# Salivae



## Dispiacere (May 17, 2007)

I have owned a couple of stickbugs for about 2 months or so, I would like to get a antfarm going an some form of preying mantis. I know nothing about preying mantis, so a finger in the the right direction would really help. I breed Crested geckos and own them, the stickbugs,fire-bellied toads, pacific tree frogs and a 3-toed eastern box turtle.


----------



## robo mantis (May 17, 2007)

First of all Welcome second of all its praying mantis not preying mantis


----------



## Butterfly (May 17, 2007)

Welcome to the forum!

I have quite a few Mantids, and a Sulcata Tortoise. Just met my first 3 toed box turtle over the weekend at a local turtle and tortoise show.


----------



## OGIGA (May 17, 2007)

Welcome! Just hang around with us and you'll learn a lot.


----------



## Ian (May 18, 2007)

Yea, welcome to the forum!



> Welcome! Just hang around with us and you'll learn a lot.
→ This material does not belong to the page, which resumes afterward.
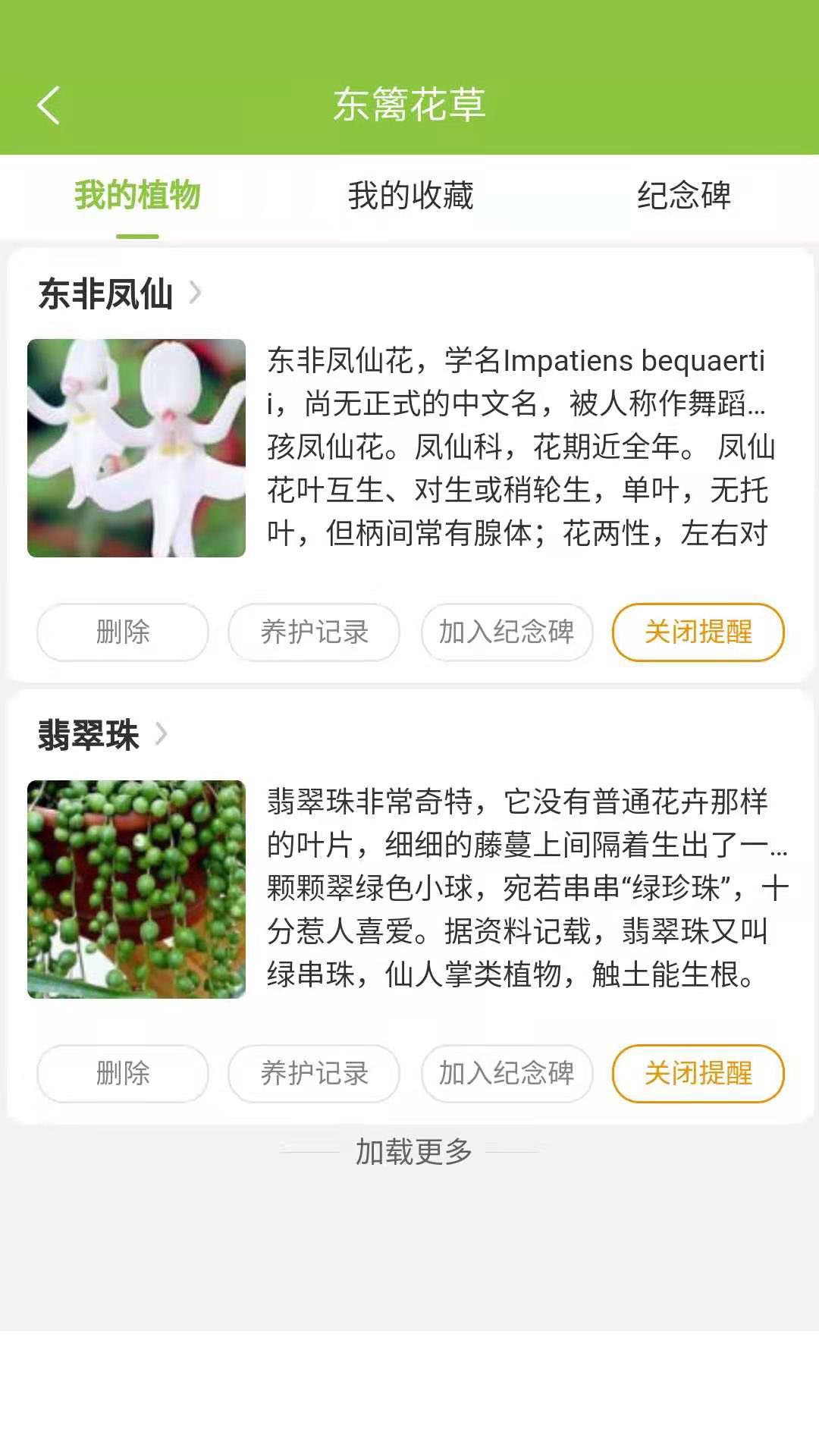 東籬花草截圖預(yù)覽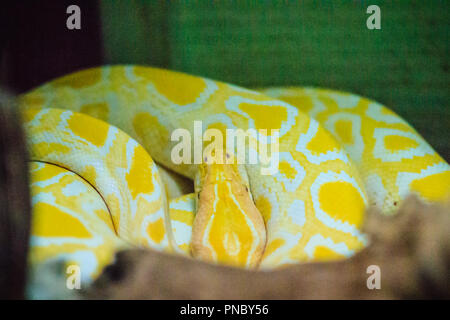Albino birmano (Python Python bivittatus) è uno dei cinque più grandi specie di serpenti nel mondo è nativo in una grande area di tropicale a sud e Foto Stock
Hmm, I wouldn't take Ogiga's word...hanging round with us will just turn you into a complete nerd


----------



## Rick (May 18, 2007)

Welcome. Is your box turtle an easern or a 3 toed? They are different. I have a three toed myself.


----------



## OGIGA (May 18, 2007)

> Yea, welcome to the forum!
> 
> 
> > Welcome! Just hang around with us and you'll learn a lot.
> ...


Nerds are smart, right?


----------